## [What you need to do]
All lines from the one that contains "b'woman holding a" to the end of the data must be retyped exactly. Pictures are not retyped.

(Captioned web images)
▬▬▬
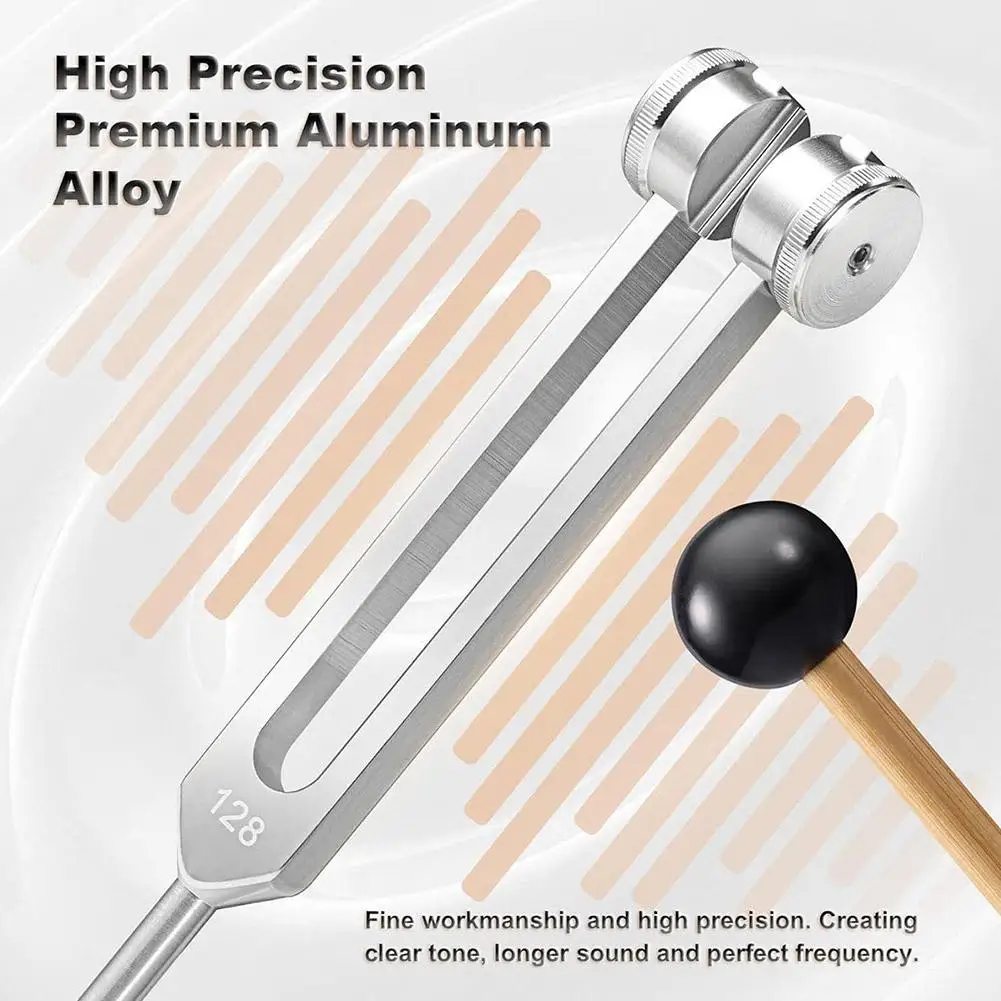 مجموعة شوكة ضبط 128 هرتز، شوكة ضبط صوتية حيوية مرجحة لشفاء شقرا، علاج الصوت، تخفيف التوتر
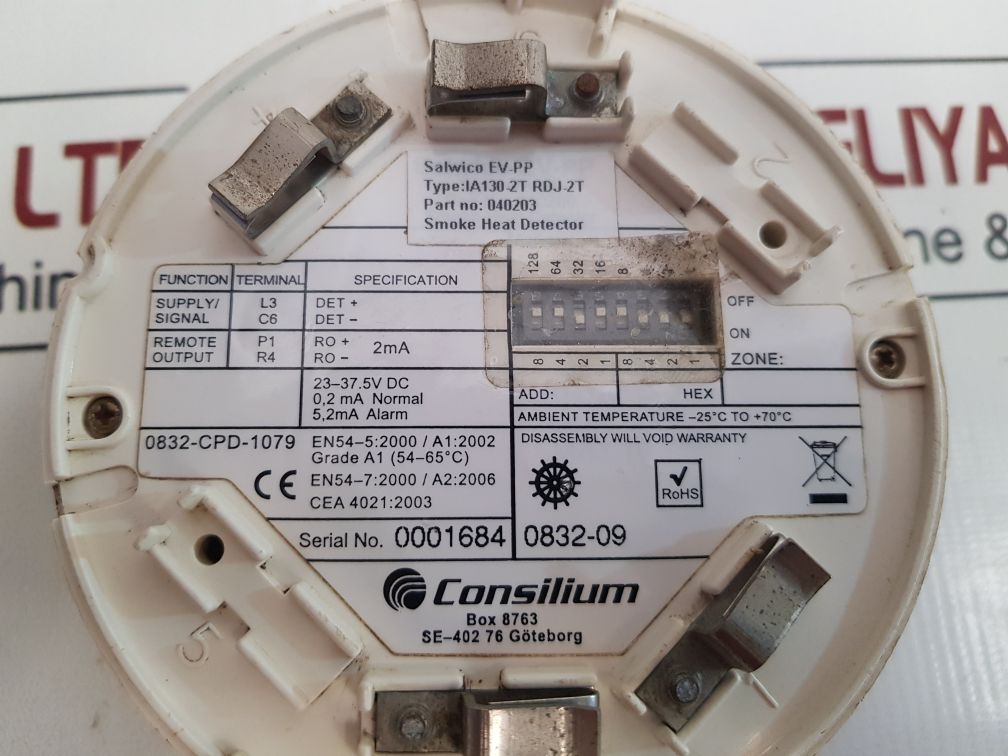 Consilium Ia130-2T Rdj-2T Smoke Heat Detector -25°C To +70°C
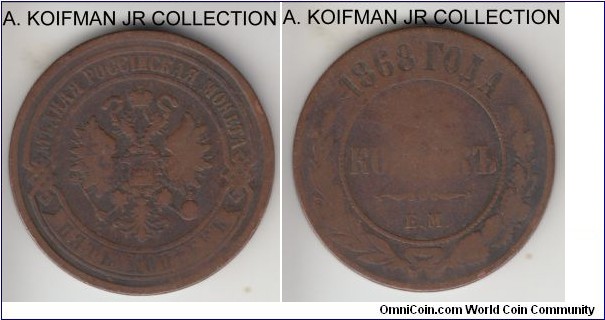 Y# 12a, 1868 Russia (Empire) 5 kopeks. Ekaterinburg mint (EM mint mark); copper, reeded edge; Alexander II, well circulated.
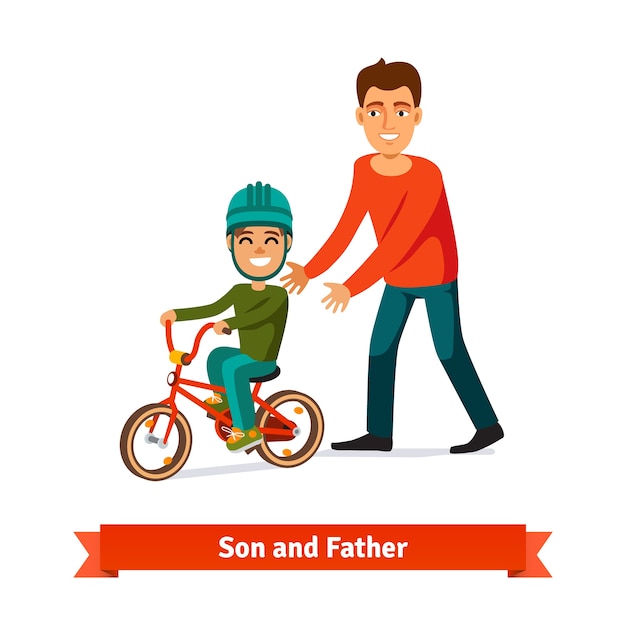 Free vector father teaching son to ride a bicycle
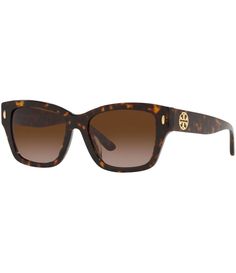 From Tory Burch&#x2C; these Women's Tortoise 53mm Rectangular Sunglasses feature:Rectangle shapeAcetate frameSolid plastic lensRx ableImported. Amber Accessories, Tortoiseshell Sunglasses, Tory Burch Sunglasses, Big Sunglasses, Tortoise Shell Sunglasses, Stylish Glasses, Tortoise Sunglasses, Large Jewelry, Rectangular Sunglasses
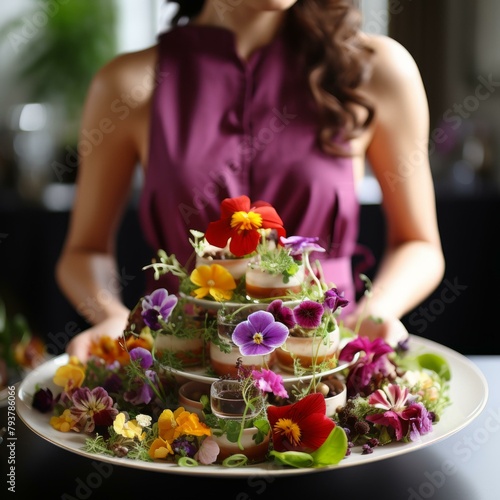 b'woman holding a plate of colorful flowers and herbs'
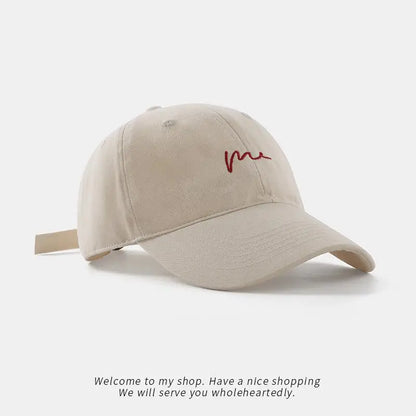 Simple wave embroidered baseball cap, versatile for daily leisure and travel, sun protection duckbill cap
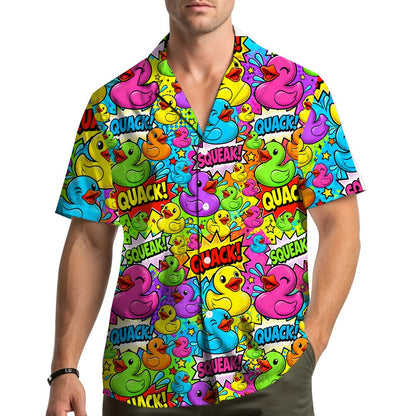 Second lifestyle view showing the rubber duck hawaiian shirt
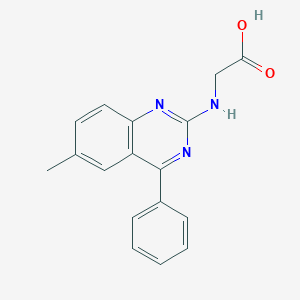 molecular formula C17H15N3O2 B2986041 2-[(6-Methyl-4-phenylquinazolin-2-yl)amino]acetic acid CAS No. 333749-21-6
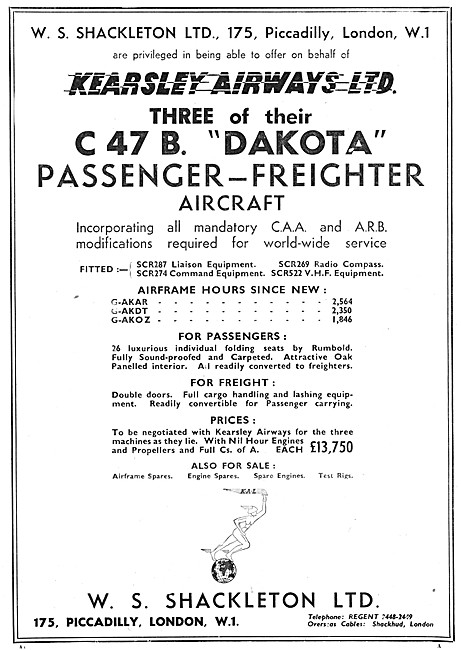 W.S.Shackleton. Aircraft Sales, Kearsley Airways C 47 B Dakotas  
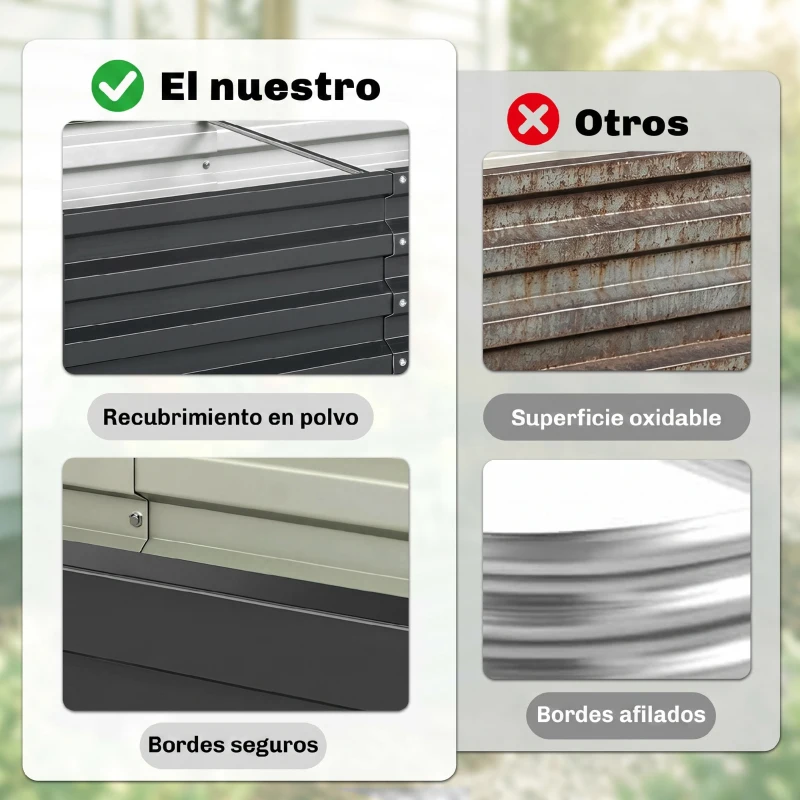 Outsunny Jardinera Elevada Rectangular de Acero Galvanizado para Cultivar Plantas Flores Hierba 120x60x30,5 cm Gris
▬▬▬
## [Answer box]
 b'woman holding a plate of colorful flowers and herbs'
 Simple wave embroidered baseball cap, versatile for daily leisure and travel, sun protection duckbill cap
 Second lifestyle view showing the rubber duck hawaiian shirt
 molecular formula C17H15N3O2 B2986041 2-[(6-Methyl-4-phenylquinazolin-2-yl)amino]acetic acid CAS No. 333749-21-6
 W.S.Shackleton. Aircraft Sales, Kearsley Airways C 47 B Dakotas  
 Outsunny Jardinera Elevada Rectangular de Acero Galvanizado para Cultivar Plantas Flores Hierba 120x60x30,5 cm Gris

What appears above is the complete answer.